In the last Design Patterns for Data Science post, we talked about the relative advantages of Jupyter notebooks and scripts, and we moved some code from a preprocessing notebook to a method inside a python file. When we did that, we discovered that the limitations we faced changed from tooling limitations to programming limitations—problems we can solve with design patterns from software engineering.
But before that, I want to talk for a moment about data science, programming, and cups.
I had dinner with a friend the other night, a principal data scientist with a software engineering background. He shared some valuable insight on the programming philosophies of software engineers versus data scientists. Data scientists, he pointed out, tend to build code to have a short lifespan: a script to change the data once, or a helper method to use for few weeks until a model is finished. Software engineers, by contrast, imagine their code having a longer lifespan: months or, if it’s really built well, years. Many old-hand software engineers have a story about some embarrassing code they wrote that accidentally stayed in use for decades. Decades.
So it’s not that one group is better at writing code than the other. It’s that one group has optimized on programming paper cups, and the other group has optimized on programming ceramic mugs.
But there’s a lesson in the stories from the old-hand software engineers: code often sticks around far longer than anybody thought it would. That’s true in software engineering and has resulted in a number of patch job solutions from the cute ones (like Android’s
nullColumnHack) to the scary ones (like security holes in the web itself).
It’s also true in data science: a temporary solution ends up getting passed around and reused without context. The data science workspace ends up littered with paper cups—dented, coffee-stained, oft-reused paper cups, each of them well past their intended lifespan.

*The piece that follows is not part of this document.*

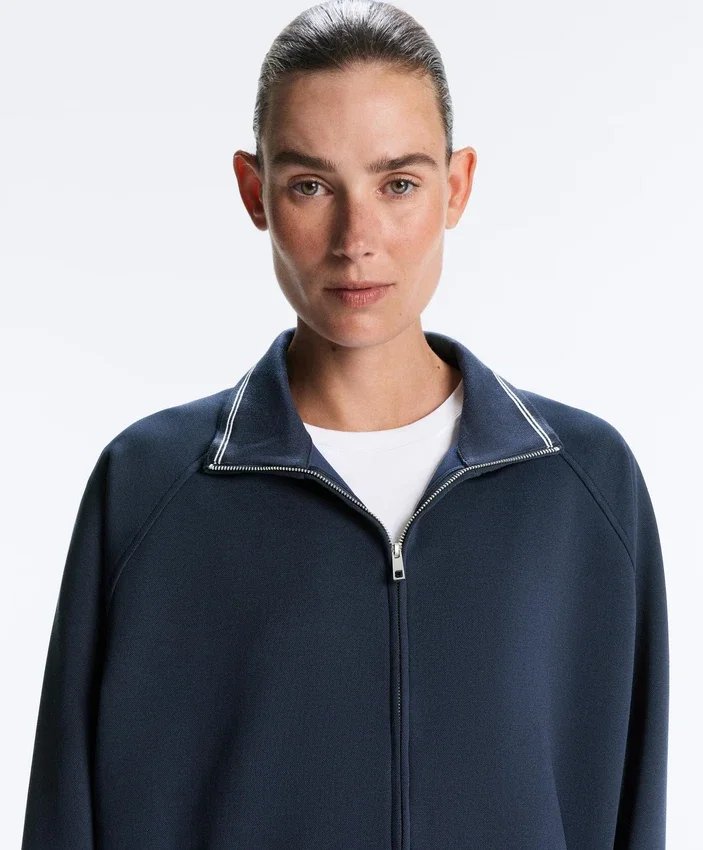 Lange Piqué-Jacke mit kontrastierender Baumwollpaspel Lange Piqué-Jacke mit kontrastierender Baumwollpaspel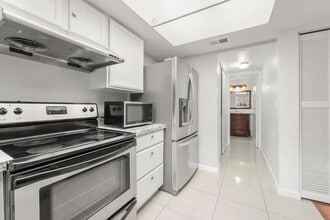 7108 Coral Gables Cir in San Jose, CA - Building Photo - Building Photo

Data science can benefit from learning some of the techniques that software engineers use to program mugs. Engineering techniques help us better prepare our code for the reuse, repurposing, and context sharing that it can expect to withstand.

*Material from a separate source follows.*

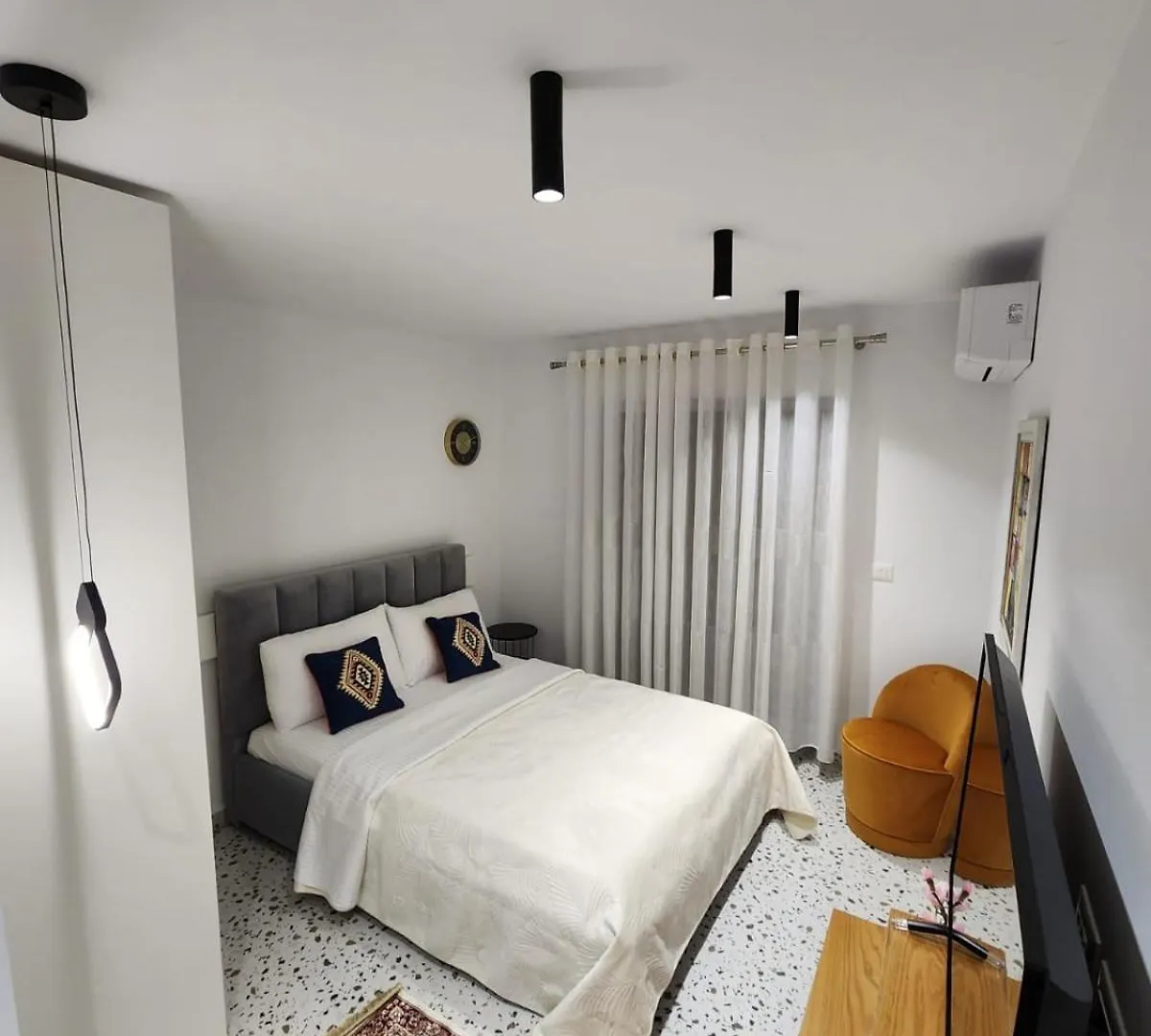 Pietro Guesthouse 3 Tirana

That’s why I’d like to share the object structure I ultimately came up with for solving the case study from the last post.
Review from the Last Post
Here’s our case study:
Suppose we have 50,000 rows of labeled data. Each row has a paragraph of legal text in a column called base_content. We want to use this base_content to classify the rows into one of twelve categories of specific types of legal text. We need to extract the data out of large CSV files, and then we need to do a little preprocessing to get them ready for testing models.
That post walked through several options:
- Doing the preprocessing at the top of the analysis notebook
- Importing a notebook into another notebook (please don’t)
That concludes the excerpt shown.